The rule: If your question depends on current information, use a tool with web access. Do not trust training data for anything time-sensitive.
If You Want to Write or Run Code: Use Code-Capable Tools
Some models can not only write code but actually execute it. This is enormously useful for data analysis.
ChatGPT with Code Interpreter - Upload a CSV or Excel file, ask it to analyze your data, and it writes and runs Python code to produce statistics, plots, and summaries. You do not need to know Python. You describe what you want in plain language, and it handles the code.
Claude with Artifacts - Claude can create interactive documents, charts, and code that you can preview directly in the interface. Particularly good for quick visualizations and exploratory analysis.
The rule: If you need to analyze data, generate plots, or run statistical tests, use a model with code execution capability. Asking a text-only model to "calculate the p-value" will get you a made-up number.
If You Want to Chat With Your Own Documents: Use Grounded Tools
General models do not know the contents of your personal notes, your institution's protocols, or that PDF you downloaded yesterday. But some tools let you upload your own documents and chat exclusively with that content.

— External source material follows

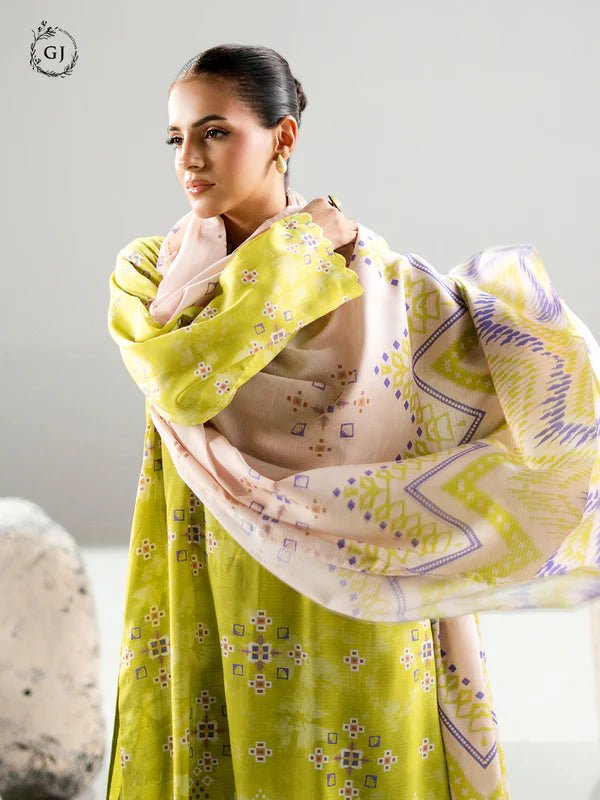 Lime Green | Chunri by GJ 3pc Unstitched Linen Bana Dora Collection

NotebookLM - Google's tool that lets you upload documents and ask questions grounded entirely in your uploaded content. We use this extensively and have a dedicated article on our workflow.
Claude Projects - You can upload files to a Claude Project and the model will reference them in its responses. Good for ongoing work where you need the model to know your specific context.
The rule: If you want AI to reference YOUR materials rather than its general training, use a tool designed for document-grounded conversation.
The Emerging Frontier
The tool landscape is expanding rapidly into new categories worth knowing about:
Agents are AI systems that can take multi-step actions autonomously. Instead of just generating text, an agent might search the web, read several papers, synthesize findings, and produce a report - all from a single request. Think of the difference between asking a colleague a question and handing a task to a research assistant. Agents do the latter.
Deep research tools take this further. Give them a complex question and they will spend minutes (not seconds) conducting a multi-step investigation: searching sources, reading content, synthesizing across documents, and producing a comprehensive report. OpenAI's Deep Research, Gemini's Deep Research, and Perplexity's research modes all offer versions of this.
Reasoning models (like OpenAI's o1 and o3) think step by step before producing an answer. They are slower but meaningfully better at complex problems that require careful logic - clinical scenarios with multiple variables, treatment planning decisions with competing priorities, or statistical reasoning.
These are not future concepts. They are available today across the major platforms, and they represent where the field is heading: AI that does not just answer questions but actually helps you complete complex workflows.
A Quick Reference Guide
| Task | Best Tool | Why Not General ChatGPT? |
|---|---|---|
| Find real medical citations | Elicit, Consensus, Open Evidence | General models fabricate citations |
| Get current information | Perplexity, Gemini | Training data has a cutoff |
| Analyze a dataset | ChatGPT Code Interpreter, Claude Artifacts | Text-only models cannot run calculations |
| Chat with your documents | NotebookLM, Claude Projects | General models do not know your content |
| Complex multi-step research | Deep Research tools | Single-turn answers are too shallow |
| Careful clinical reasoning | Reasoning models (o1, o3) | Standard models answer too quickly |
The Bottom Line
ChatGPT is not the only AI tool, and treating it as one is like treating Google as the entire internet.
The landscape is broader, more specialized, and more capable than any single product. Build a toolkit. Know which tool to reach for.
And when someone says "AI cannot do X" - check whether they were just using the wrong tool for the job.